The backdrop to this argument is a set of nominally shared values to which folks assign different weights:

  • Universality and accessibility
  • Fidelity and richness
  • Competitive (or superior) cost to produce

The “developer experience” bait-and-switch works by appealing to the listener’s parochial interests as developers or managers, claiming supremacy in one category in order to remove others from the conversation. The swap is executed by implying that by making things better for developers, users will eventually benefit equivalently. The unstated agreement is that developers share all of the same goals with the same intensity as end users and even managers. This is not true.

Shifting the conversation away from actual user experiences to team-level advantages enables a culture in which the folks who receive focus and attention are developers, rather than end-users or the business. It naturally follows that teams can then substitute tools for goals.

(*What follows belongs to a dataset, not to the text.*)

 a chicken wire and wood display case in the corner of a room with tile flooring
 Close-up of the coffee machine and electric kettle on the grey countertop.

This has predictable consequences, particularly when developers, through their privileged positions as expensive-knowers-of-things-about-computers, are allowed to externalize costs. And they do. Few teams I’ve encountered have actionable metrics associated with the real experiences of their users. I can count on one hand the number of teams I’ve worked with who have goals that allow them to block launches for latency regressions, including Google products. Nearly all developers in the modern frontend shops do not experience performance constraints until it’s too late. The brakes aren’t applied until performance is so poor that it actively hurts the business.

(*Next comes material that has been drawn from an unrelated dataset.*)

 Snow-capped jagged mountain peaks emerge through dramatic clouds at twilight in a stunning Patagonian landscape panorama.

If one views the web as a way to address a fixed market of existing, wealthy web users, then it’s reasonable to bias towards richness and lower production costs. If, on the other hand, our primary challenge is in growing the web along with the growth of computing overall, the ability to reasonably access content bumps up in priority. If you believe the web’s future to be at risk due to the unusability of most web experiences for most users, then discussion of developer comfort that isn’t tied to demonstrable gains for marginalized users is at best misguided.

Competition between these forces is as old as debates about imagemaps vs. tables for layout. What’s new is JavaScript; or rather, the amount we’re applying to solve our problems:

Mobile pages have gone from an average of 50KB of JS in 2011 to more than 300KB today.

Median mobile sites have gone from ~50KB of JS in 2011 to more than 350KB today. That unzips to roughly 2MB of script.

I’ve previously outlined why JavaScript is the most expensive way to accomplish anything in a browser. This has been coupled with an attempt to lean on evolving facts about computing (it’s all going to mobile, mostly to Android, and not high-end devices). My hope is that anyone who connects these ideas will come to understand that we can’t afford to continue on as we have. We must budget. We must cap-and-trade JS. There is no other way to fix what we have now broken with script — we simply need to use less of it.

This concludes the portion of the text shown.